Saturday, February 25, 2012

Felt Landscapes

It feels so good to be starting to experiment with something I have been thinking about for a very long time -- landscapes in felt. It's funny how ideas can stew for a long time, and then all of a sudden, they're ready to pop and I explode into action. I go through cycles like this, where I am not actively creating, but mulling ideas as I drift off to sleep at night. Then something randomly piques my interest (like an inspiring picture or a conversation), and all of a sudden I'll start a new project. Then I become an obsessed insomniac, unable to stop thinking about the project and the next time I'll be able to work on it. Sort of sounds like a scary drug addiction, now that I think about it... I wonder if there are similar chemicals being released in my brain? Guess I'd rather be addicted to art than anything else.

In this particular case, the trigger for starting a new project was a photograph of a gooseneck barnacle I saw on an old nature calendar -- I was intrigued by the colors, patterns and textures of this amazing creature, and started to envision how I would recreate it in felt. It's a bit of a roundabout chain of thoughts that lead me to felt landscapes instead of barnacles, and that's a topic for another day (in the mean time, you should Google gooseneck barnacles if you've never seen one - amazing!). I do intend to work on a gooseneck barnacle project, but that idea is still incubating a little more.

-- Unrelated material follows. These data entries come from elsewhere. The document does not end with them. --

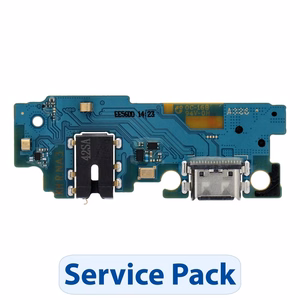 ServicePack Charging Board SAMSUNG A32 5G A326B GH96-14158A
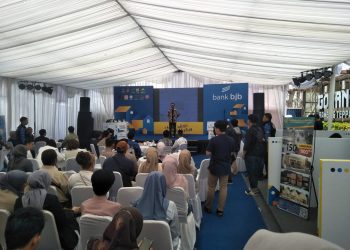 BJB Tapera Fest 2023 Hadir untuk Mudahkan Masyarakat Akses Perumahan Bersubsidi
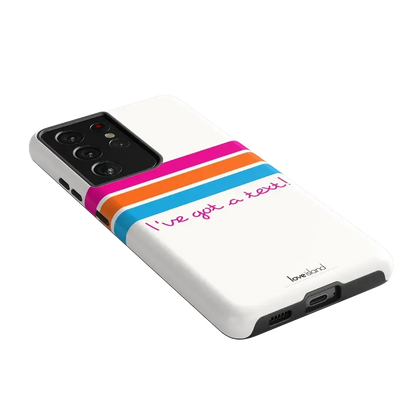 I've Got a Text! | Love Island Case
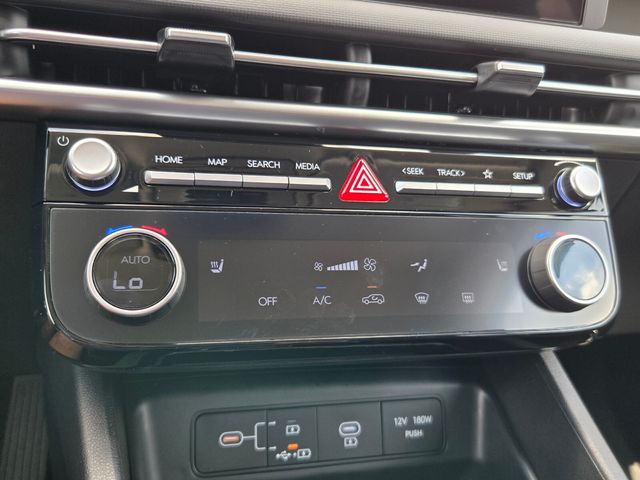 2026 Hyundai Tucson - $29,318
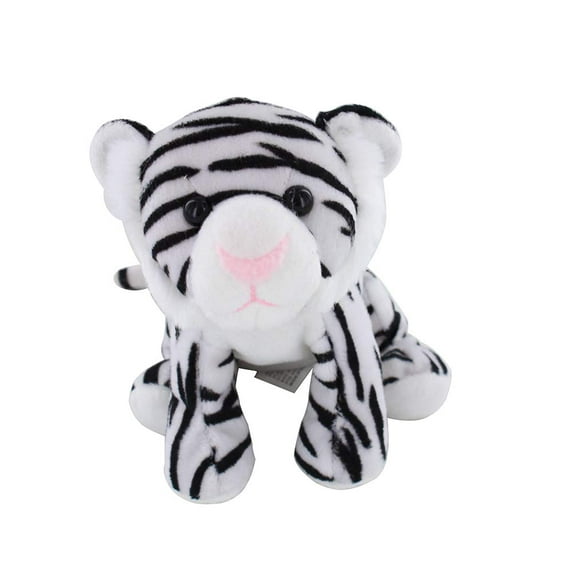 Plushland Beanie Moose Sitting 7" Stuffed Toys Plush Super Soft Winter Holiday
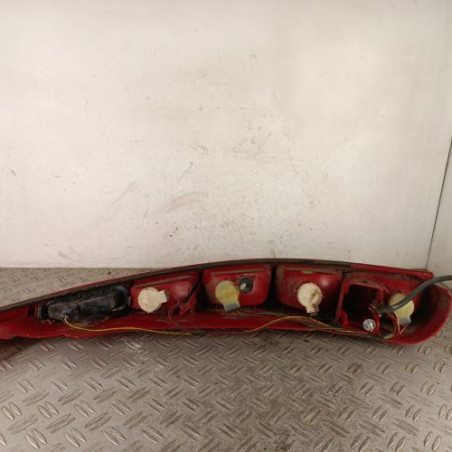 Feu arriere principal gauche (feux) CITROEN C8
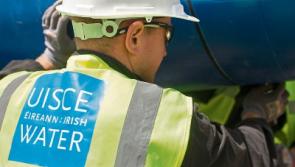 Boil water notice issued for community in Limerick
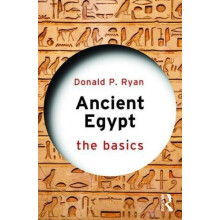 Ancient Egypt by Ryan Donald P. Pacific Lutheran University USA Paperb
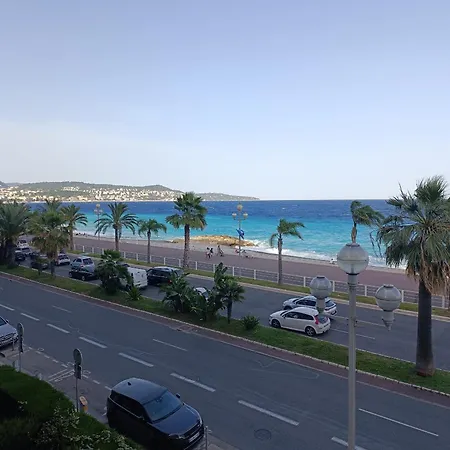 Promenade Des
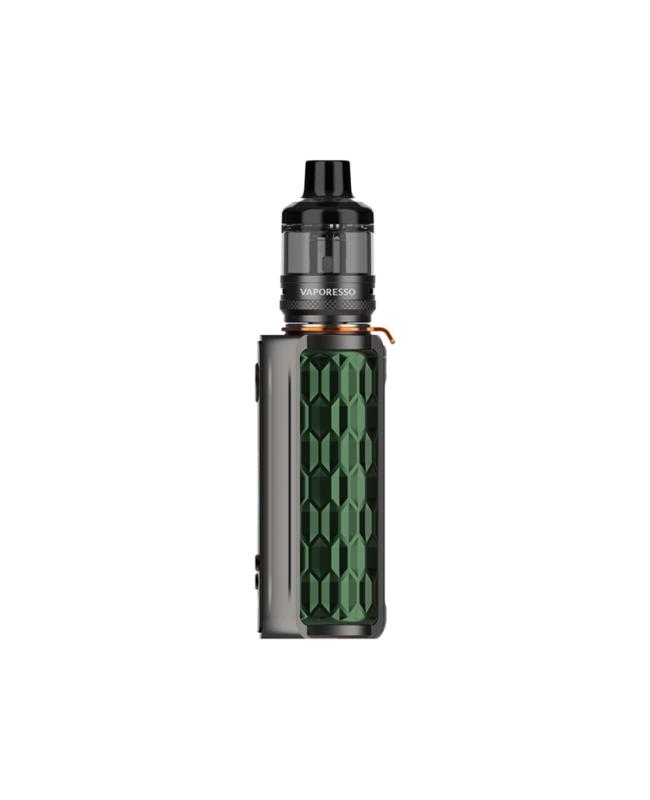 Vaporesso Target 80 Box Mod Pod Kit 3000mAh by Brands vape mod for pod systems - gallery image 5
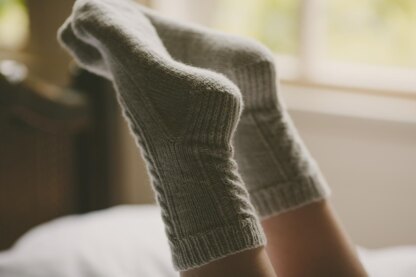 Munro Socks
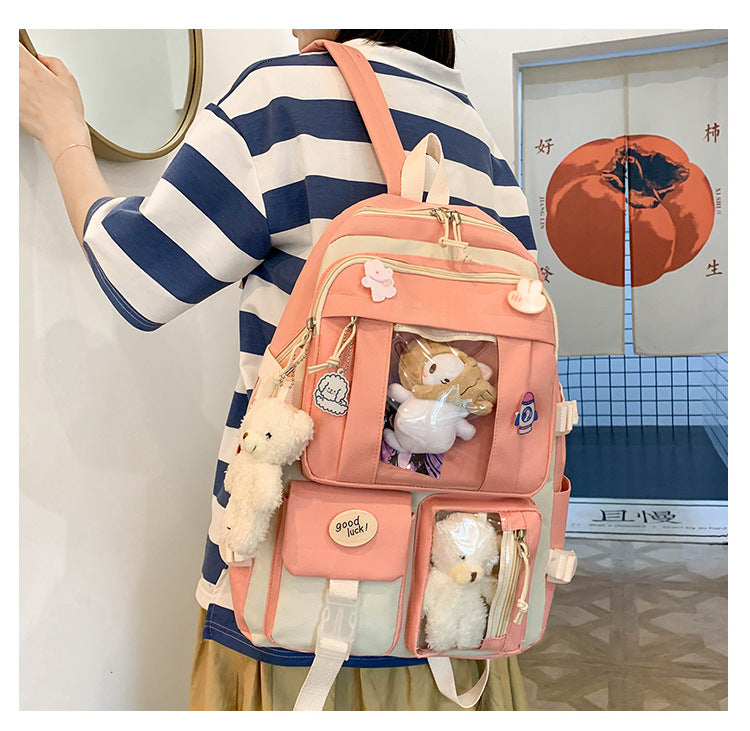 Kawaii School Companion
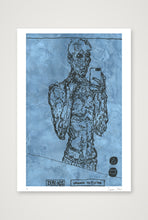 Load image into Gallery viewer, Quick Fix — 70×100cm, 28×39" Print only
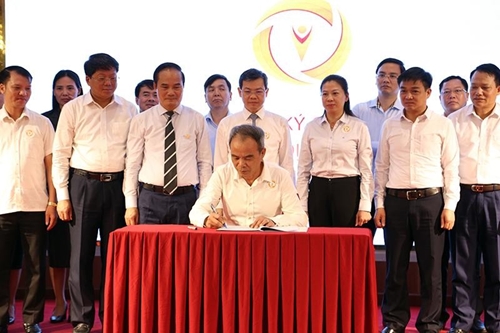 BHXH tỉnh Tuyên Quang ban hành kế hoạch nâng cao chỉ số đánh giá, cải thiện vị trí xếp hạng chuyển đổi số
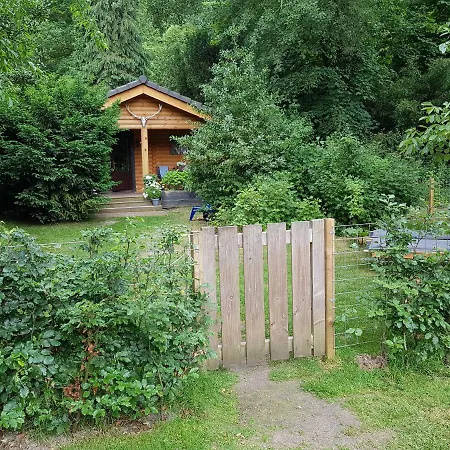 Duinhuis Schoorl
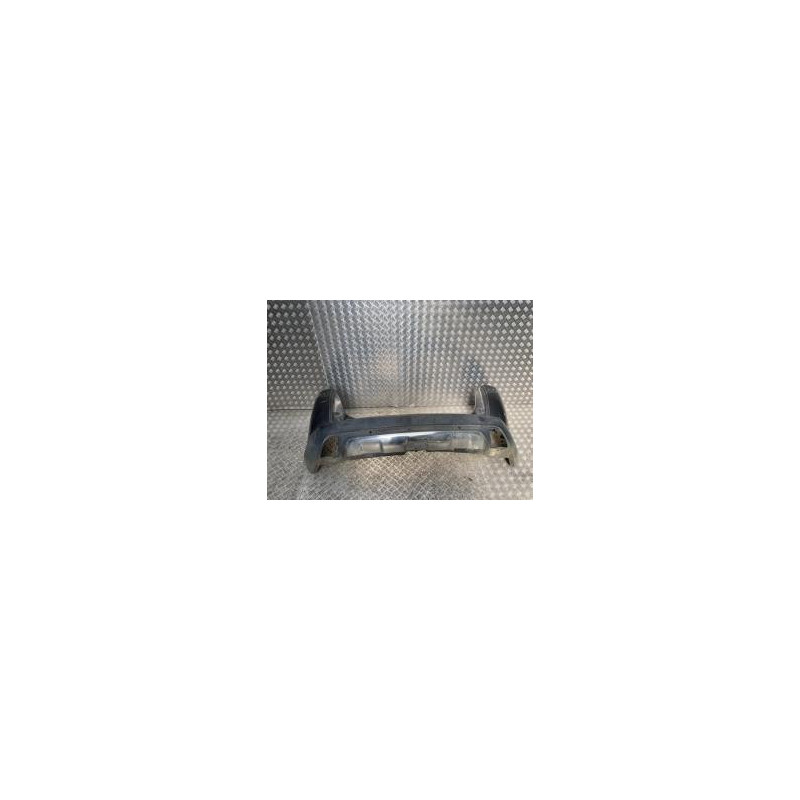 Pare choc arriere PEUGEOT 2008 1 PHASE 1 d’occasion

Anyhow, I've been working on some felt landscapes on days I'm not working at my real job and my little one is napping. I figured out the other day that this probably affords me about 4 hours a week to work on artistic endeavors, and although that's less than I'd like, I'm actually kind of impressed with how much I accomplish in that time. I think part of the reason is I spend a lot of time thinking before the actual doing. So when the opportunity arises to work on a project, I know exactly what I want to do.

So, here are some photos of works in progress. These aren't finished pieces, and since this is a new format for me (a smaller wall hanging rather than a big thick rug), I'm experimenting with different techniques.

Laying out the fibers to gauge color combinations (decided against a dark sky):
A mountain landscape taking shape, loosely based on Camel's Hump (or at least the Camel's Hump in my mind - the view from the north, of course):
Adding some foothills and firming things up a bit:

And made smooth with a final wet felting:
I'm thinking that I may add some texture to this with some hand stitching, but am not certain what style I'll use, so am giving it time to stew for a while. I have a second felt landscape in the works where I am experimenting with various embroidery and stitching, and this will probably influence how I approach the Hump piece.

Starting to stitch:
Some detail:
A little more progress on the stitching:

It's difficult to see in the photos, but I like how the stitching makes the felt puff up and add some dimension to the piece. My plan is to stitch more heavily in detail in the foreground, and have less density in stitching towards the background. I think for the sky I will use very small stitches with a single strand of thread and lines emanating from the sun. I'm excited to see how it turns out!


  1. Obsessed insomniac? I guess it paid off-beautiful felt landscape!

    1. Thank you, Laura! I know it sounds funny, but sometimes when I get going on something it's hard to turn it off!